• EXERCISE OBJECTIVE
Return the following from the records below: each line, word for word, starting with the line that contains "Woman in sunglasses" and going on through the line that contains "Banconote in euro", with nothing outside that range.

• RECORDS TO USE
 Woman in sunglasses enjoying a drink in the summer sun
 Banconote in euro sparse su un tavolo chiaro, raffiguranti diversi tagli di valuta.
* * *
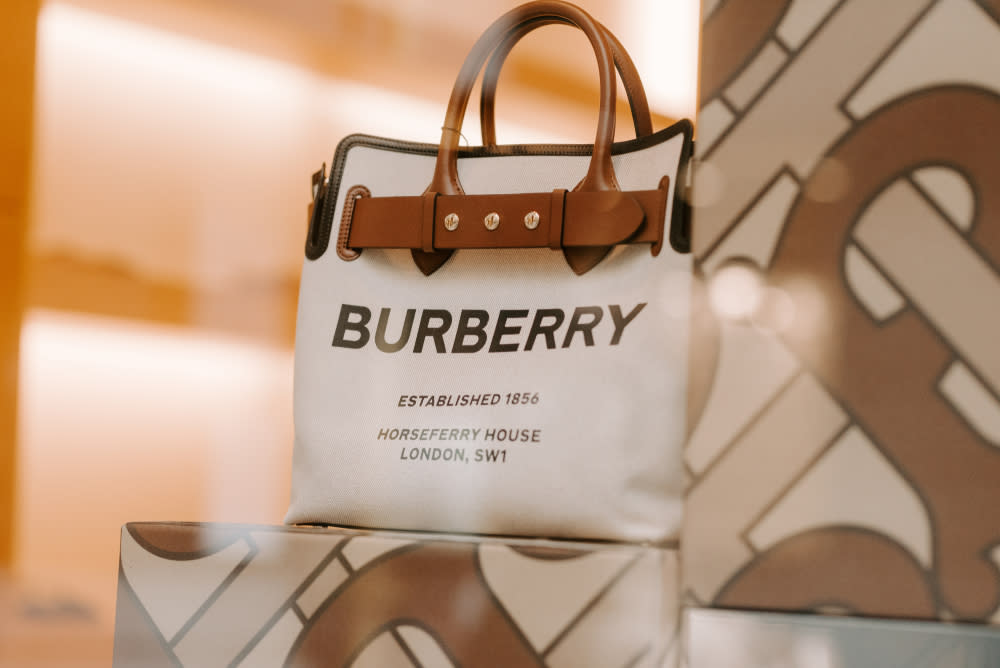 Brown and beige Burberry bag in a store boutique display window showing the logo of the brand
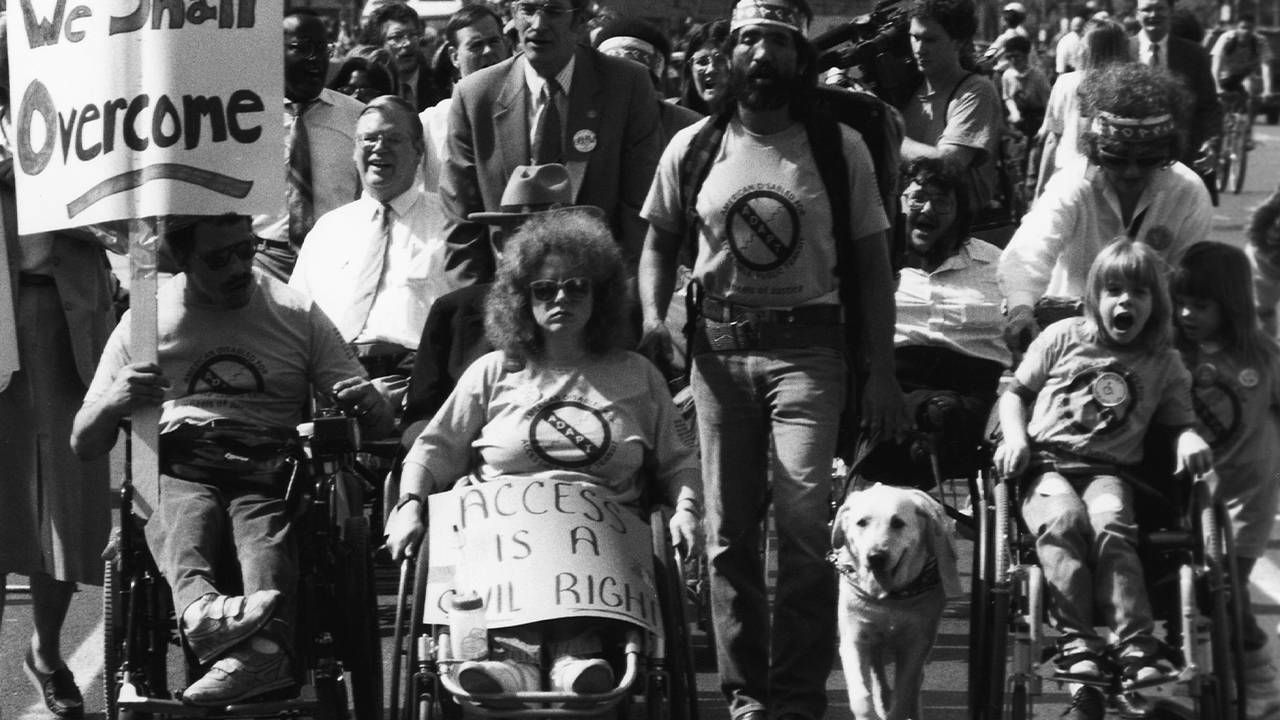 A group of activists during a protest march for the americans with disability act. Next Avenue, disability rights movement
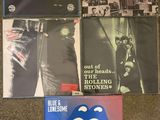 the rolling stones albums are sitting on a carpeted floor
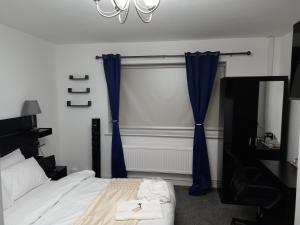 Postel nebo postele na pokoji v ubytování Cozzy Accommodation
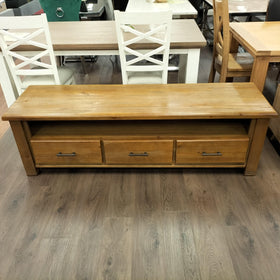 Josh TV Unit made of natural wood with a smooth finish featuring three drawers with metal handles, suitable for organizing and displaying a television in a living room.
---
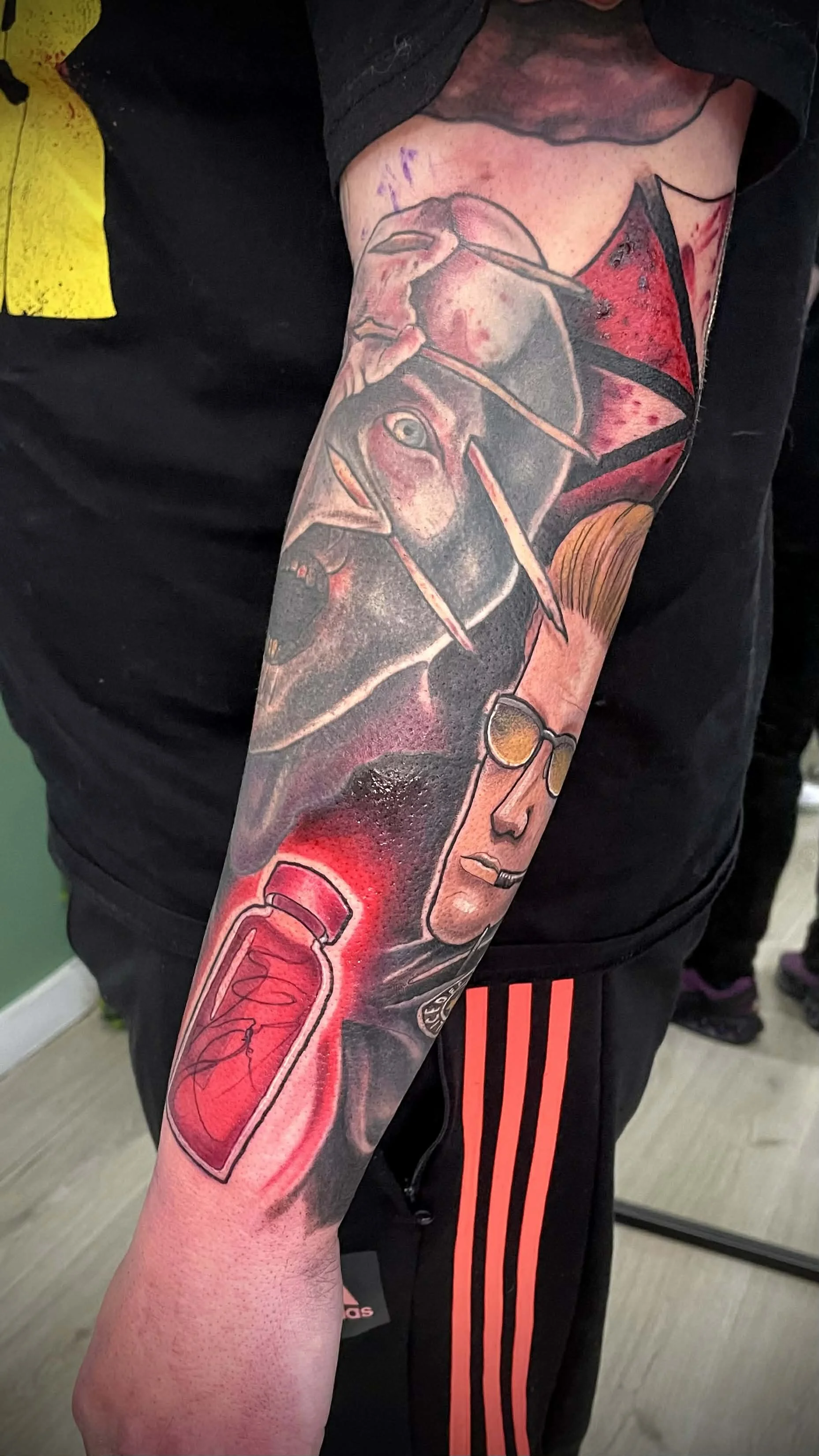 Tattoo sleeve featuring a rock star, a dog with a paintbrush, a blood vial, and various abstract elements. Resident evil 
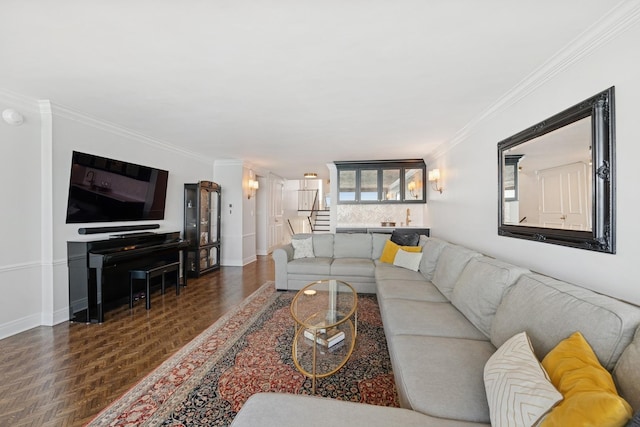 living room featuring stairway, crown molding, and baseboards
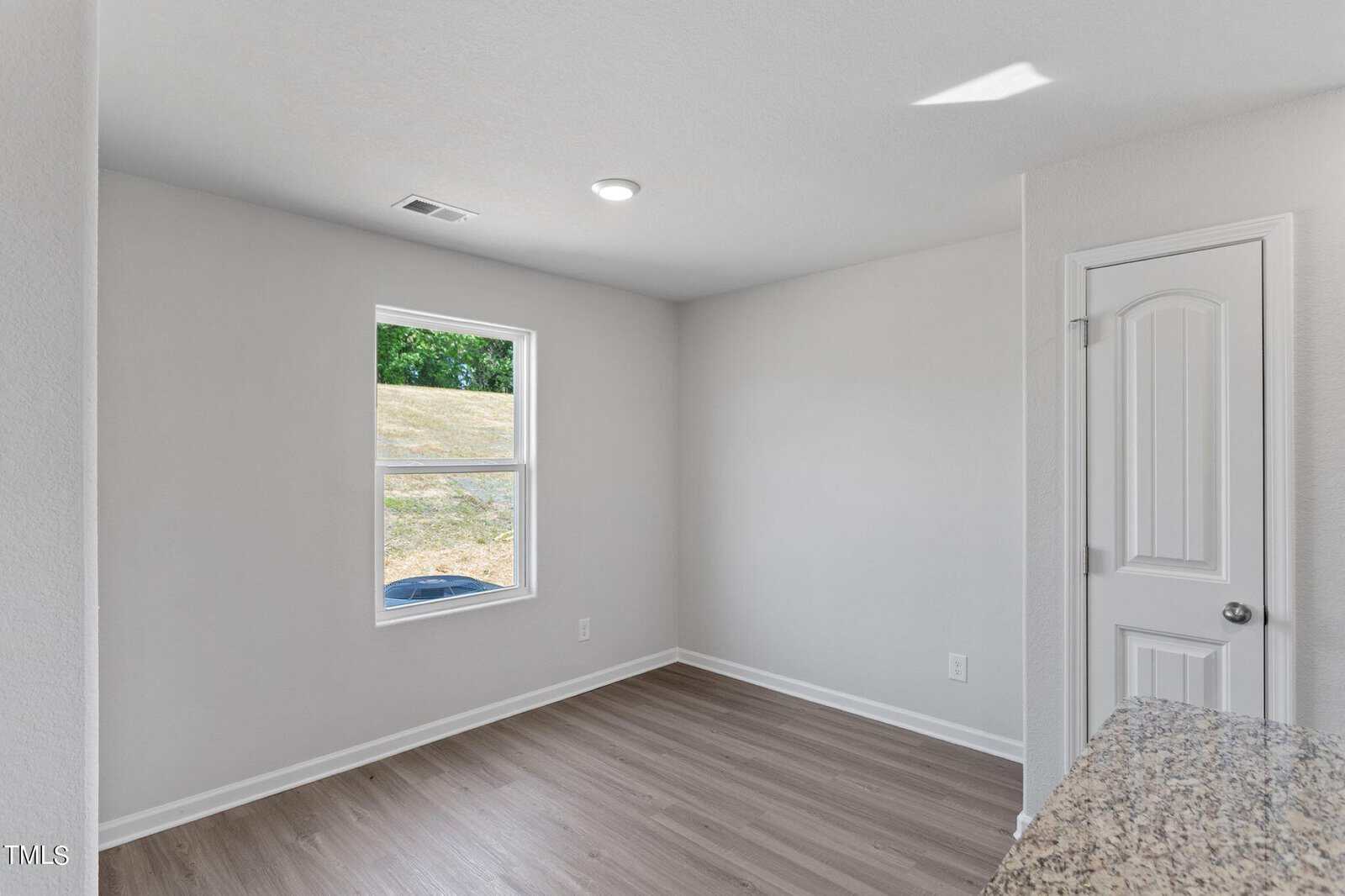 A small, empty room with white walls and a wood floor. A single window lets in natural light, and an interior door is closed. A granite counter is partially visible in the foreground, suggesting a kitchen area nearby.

• ANSWER BELOW
 Woman in sunglasses enjoying a drink in the summer sun
 Banconote in euro sparse su un tavolo chiaro, raffiguranti diversi tagli di valuta.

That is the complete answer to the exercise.